Once you find the line with "The Flame of" in the listing below, please repeat it and every later line exactly, through the last one, without pictures.
*** Opening of RECORDS ***
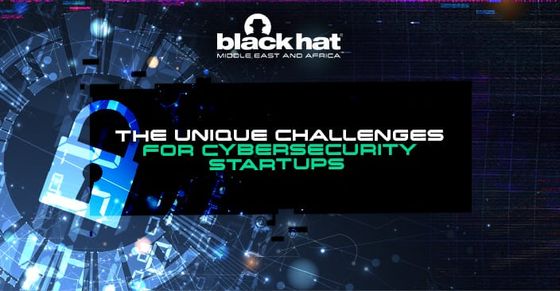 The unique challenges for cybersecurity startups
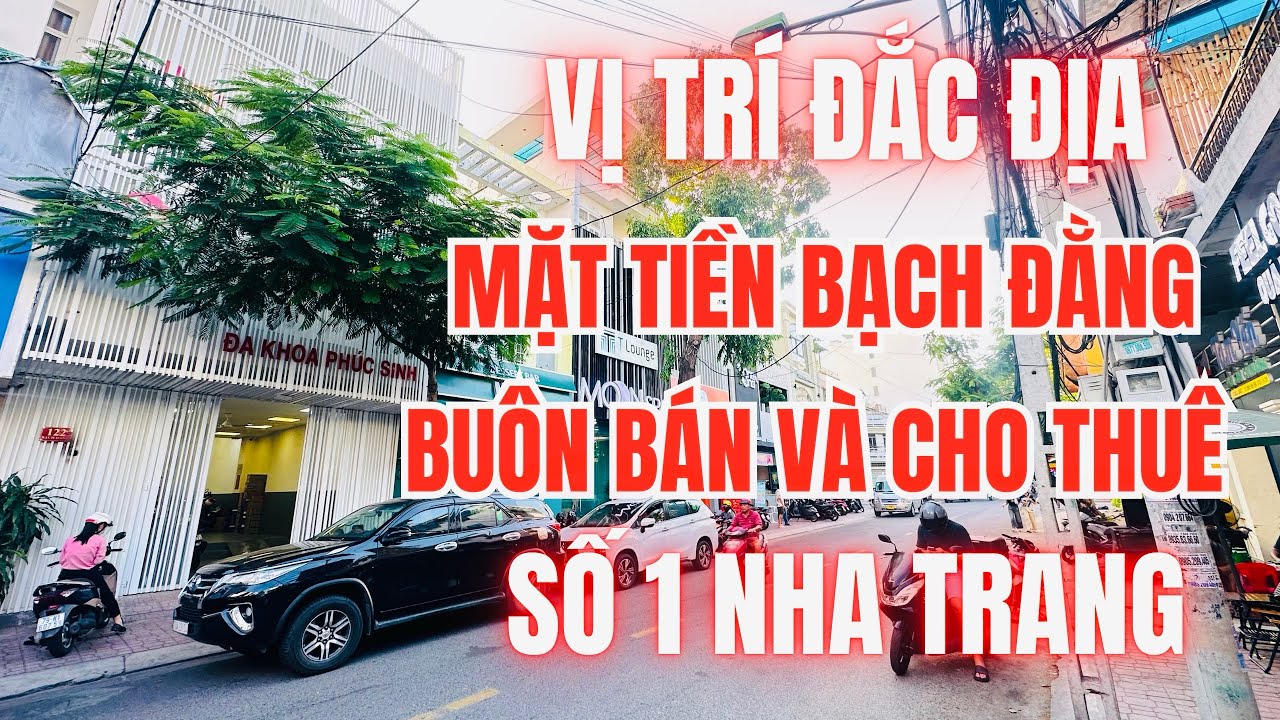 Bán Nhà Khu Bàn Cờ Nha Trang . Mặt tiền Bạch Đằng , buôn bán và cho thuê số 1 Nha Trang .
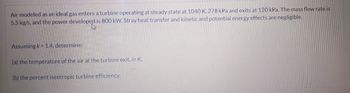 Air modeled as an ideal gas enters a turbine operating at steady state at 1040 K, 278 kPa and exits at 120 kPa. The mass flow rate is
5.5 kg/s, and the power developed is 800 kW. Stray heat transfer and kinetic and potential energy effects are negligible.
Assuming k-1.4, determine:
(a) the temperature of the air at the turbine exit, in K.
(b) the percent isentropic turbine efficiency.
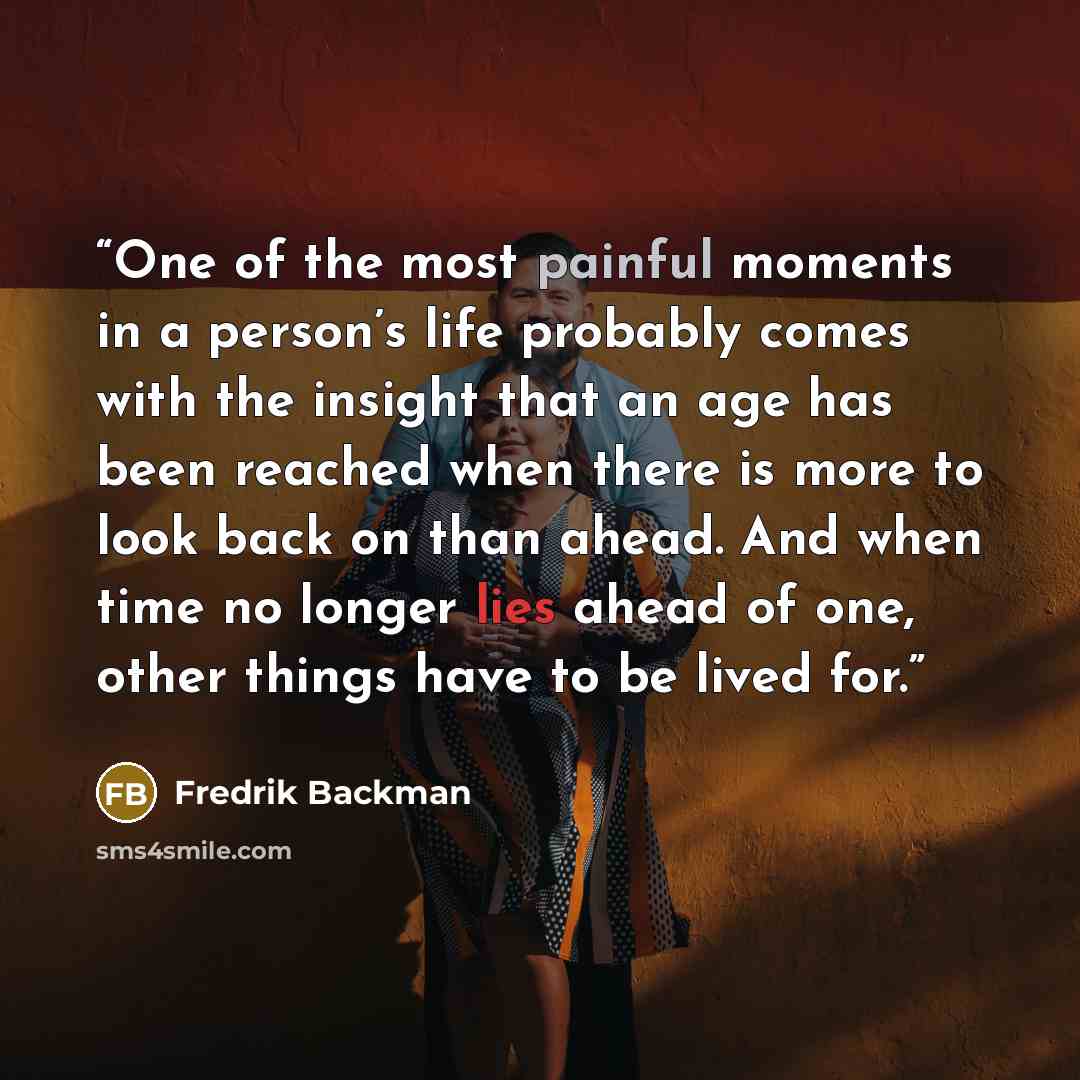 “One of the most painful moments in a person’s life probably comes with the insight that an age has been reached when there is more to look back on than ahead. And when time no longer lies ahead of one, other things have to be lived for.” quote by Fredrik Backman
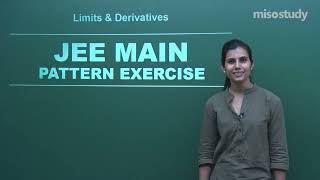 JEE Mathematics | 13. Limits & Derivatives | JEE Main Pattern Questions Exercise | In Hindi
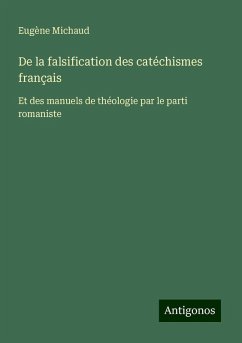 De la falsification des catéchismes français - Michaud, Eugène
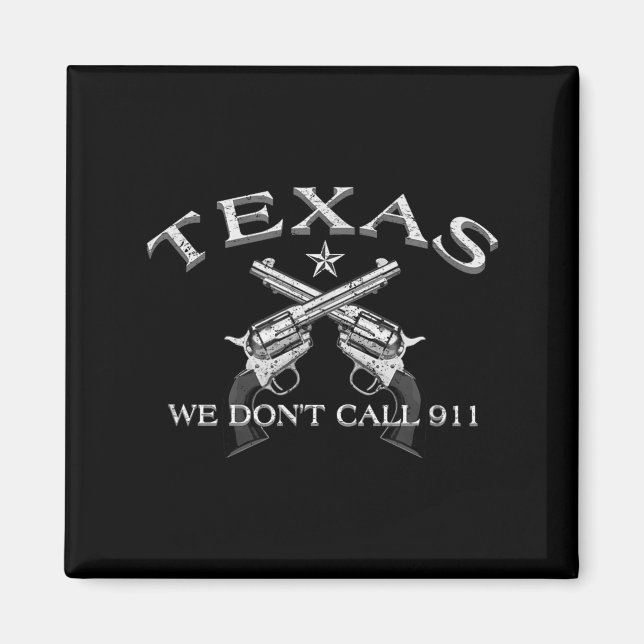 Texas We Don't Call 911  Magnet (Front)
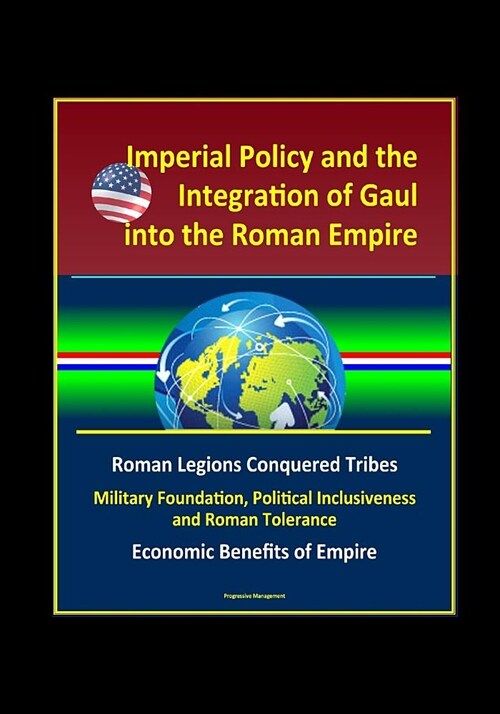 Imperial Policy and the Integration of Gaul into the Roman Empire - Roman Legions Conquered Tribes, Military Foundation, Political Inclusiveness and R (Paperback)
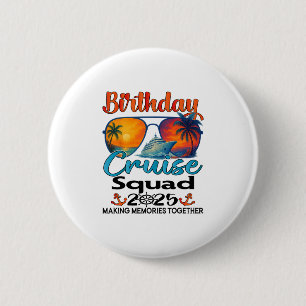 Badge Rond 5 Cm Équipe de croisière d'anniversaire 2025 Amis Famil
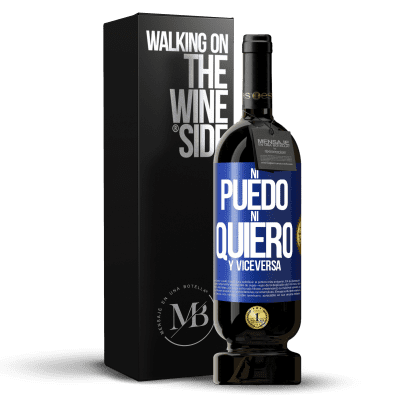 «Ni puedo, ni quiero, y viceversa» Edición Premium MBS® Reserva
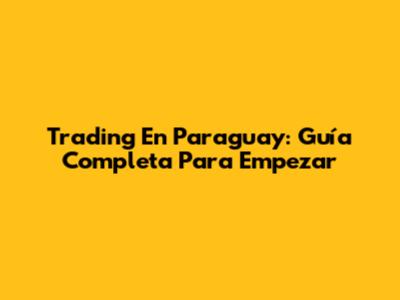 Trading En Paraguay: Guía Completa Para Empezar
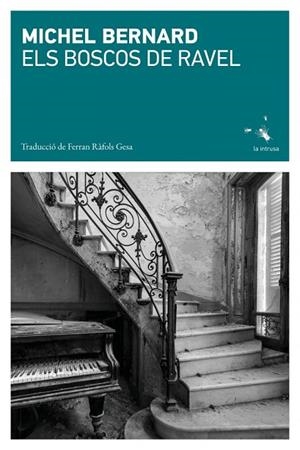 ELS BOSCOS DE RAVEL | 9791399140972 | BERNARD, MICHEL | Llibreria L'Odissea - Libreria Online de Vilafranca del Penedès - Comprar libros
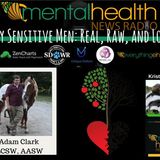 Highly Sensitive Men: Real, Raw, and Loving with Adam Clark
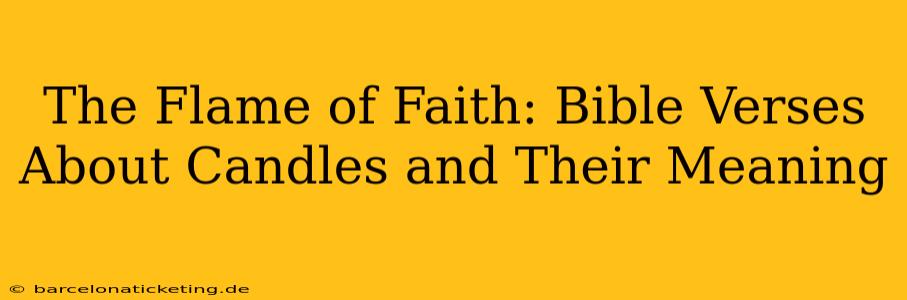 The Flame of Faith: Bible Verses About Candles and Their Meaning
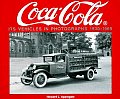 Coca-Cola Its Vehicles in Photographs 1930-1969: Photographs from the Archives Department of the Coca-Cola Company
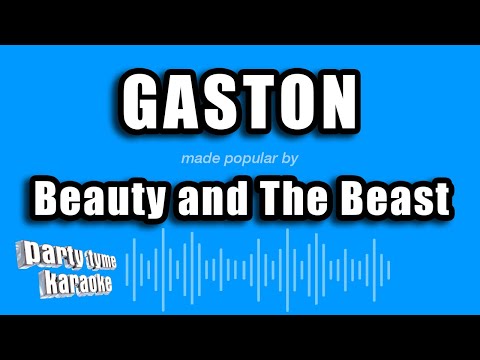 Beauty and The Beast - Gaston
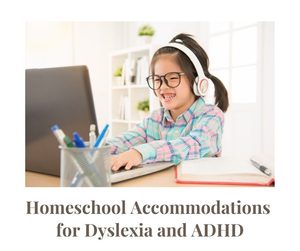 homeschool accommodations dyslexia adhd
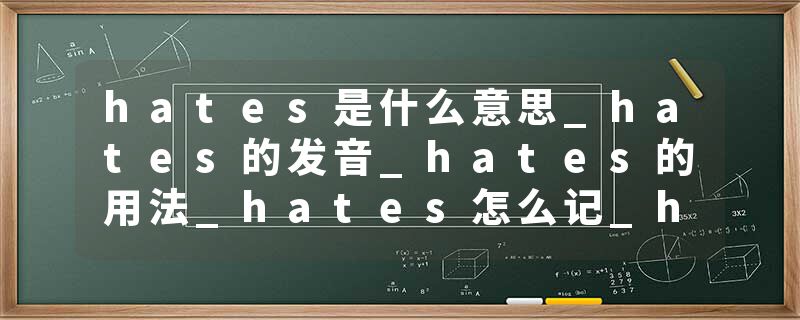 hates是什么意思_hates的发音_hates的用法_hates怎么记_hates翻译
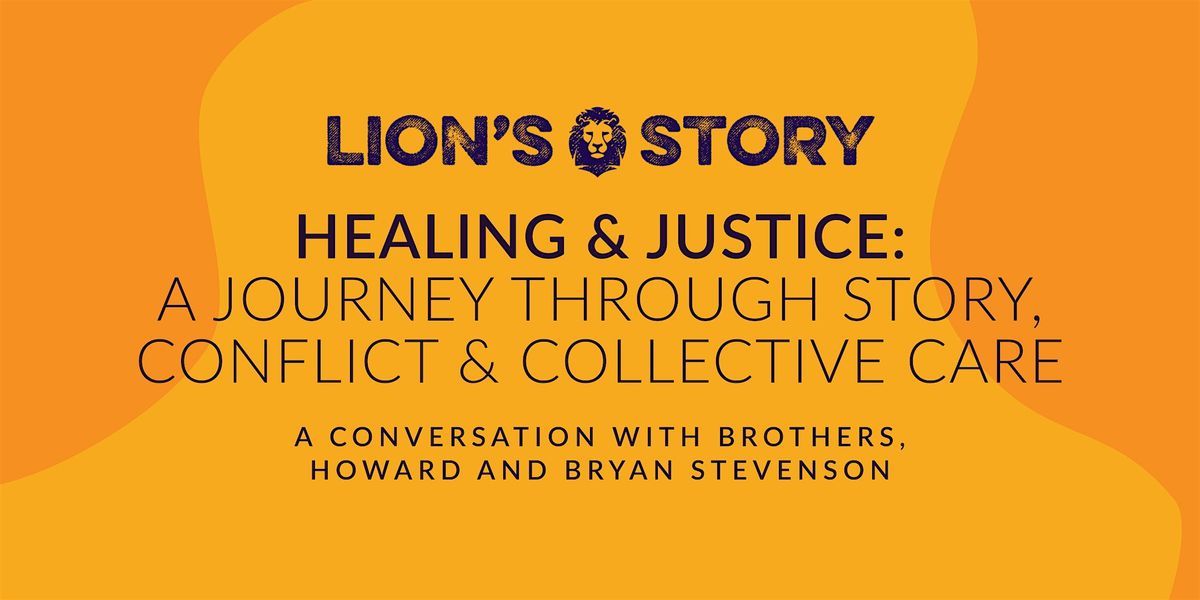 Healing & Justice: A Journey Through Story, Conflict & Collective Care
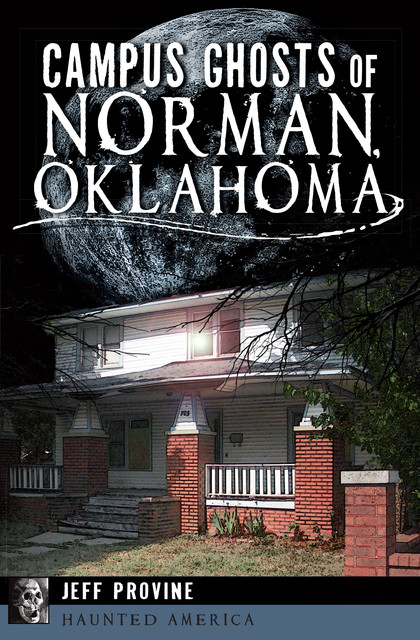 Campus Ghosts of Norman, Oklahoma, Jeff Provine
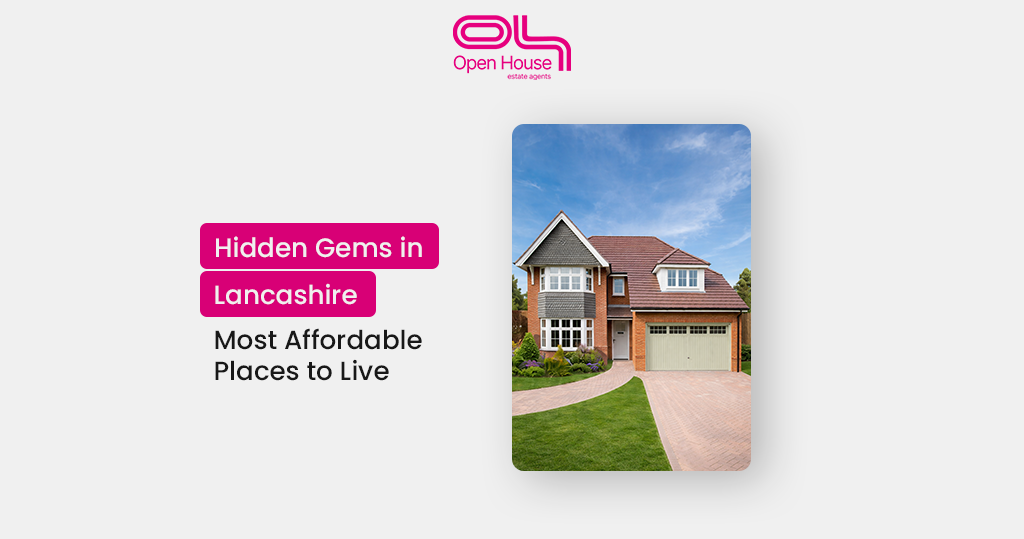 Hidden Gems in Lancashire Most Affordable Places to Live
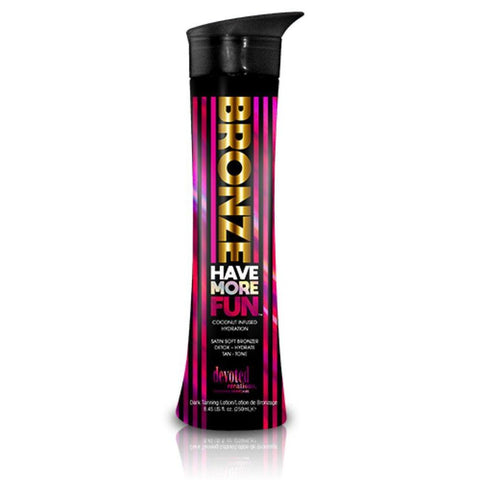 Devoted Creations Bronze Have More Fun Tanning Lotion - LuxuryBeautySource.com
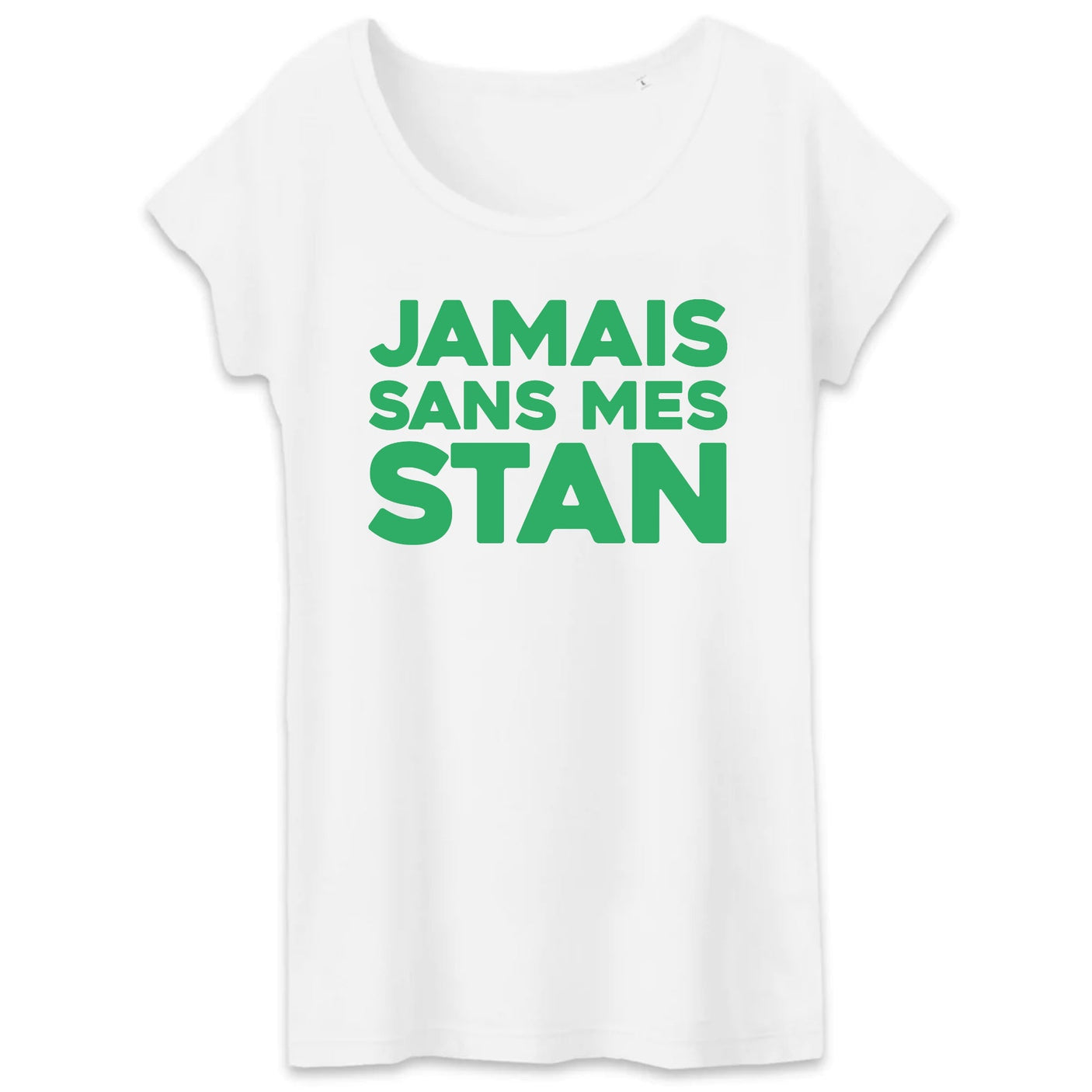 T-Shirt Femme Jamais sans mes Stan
*** Close of RECORDS ***
EXPECTED ANSWER:
 The Flame of Faith: Bible Verses About Candles and Their Meaning
 Coca-Cola Its Vehicles in Photographs 1930-1969: Photographs from the Archives Department of the Coca-Cola Company
 Beauty and The Beast - Gaston
 homeschool accommodations dyslexia adhd
 hates是什么意思_hates的发音_hates的用法_hates怎么记_hates翻译
 Healing & Justice: A Journey Through Story, Conflict & Collective Care
 Campus Ghosts of Norman, Oklahoma, Jeff Provine
 Hidden Gems in Lancashire Most Affordable Places to Live
 Devoted Creations Bronze Have More Fun Tanning Lotion - LuxuryBeautySource.com
 T-Shirt Femme Jamais sans mes Stan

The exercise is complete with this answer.